Together with a historical background, greater familiarity with the human activities that make up a large part of the book's discussion would give a more nuanced appreciation of the importance of the selected sites. The impressive survey of farmsteads and fields remains for example, might include more discussion of the technical or environmental issues. Agriculture underwent important changes from the first millennium to the end of the medieval period and helped to improve the condition of the peasants who lived on a knife's edge between survival and starvation. Specialization in production was becoming more widespread throughout Europe after the twelfth century and Sweden was no different. Awareness of that development gives insight into why the juxtaposition of a farmstead with a large cow shed together with farmsteads devoid of corrals does not indicate a commune, but an operation devoted to stock-raising.

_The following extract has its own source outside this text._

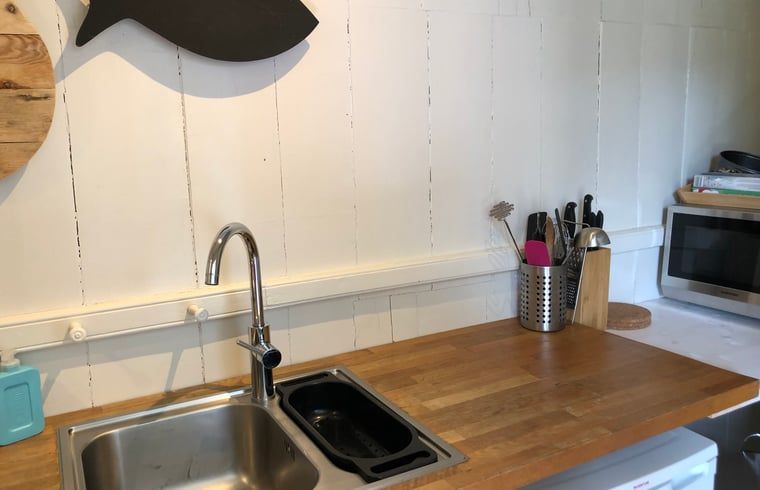 Guest house 2613003 - Holiday property Het Friese platteland - Huisje in Wijnaldum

The reader would benefit occasionally from more insight into the author's methodology. The fifteen hamlets and castles outside Sweden, for example were supposedly chosen on the basis of several criteria, but only a few, general clues are given to the reader. This makes the ensuing discussion less useful than it might be, especially since the similarities are not obvious. In the same way, the distribution maps of artifacts would benefit from being more specific for individual items and less concerned with the author's grouping into a class of materials. A chart of artifact distribution at Skramle involves sixteen separate items ranging from a "toy stone" to a crossbow arrow, but there is no individual identification on the map.
At times there are misunderstandings of some basic medieval institutions. The parish, for example, is presented here as a local assembly, rather than a unit for ecclesiastical administration. There is a similar misunderstanding about the purpose of castles. The author sees them solely in financial terms, as a part of the tax collection system. Castles in the Middle Ages were projections of military power, plain and simple. They could be adapted to many uses including the collection and storage of taxes, but there were cheaper and easier ways of collecting dues. Castles were expensive to build, expensive to maintain, and really functional for military purposes. There were cheaper and easier ways to collect taxes than building a castle.
Eva Svensson's The Medieval Household Daily Life in Castles and Farmsteads. Scandinavian Examples in their European Context is beautifully produced with an extensive bibliography, superb photographs, and well-produced graphics.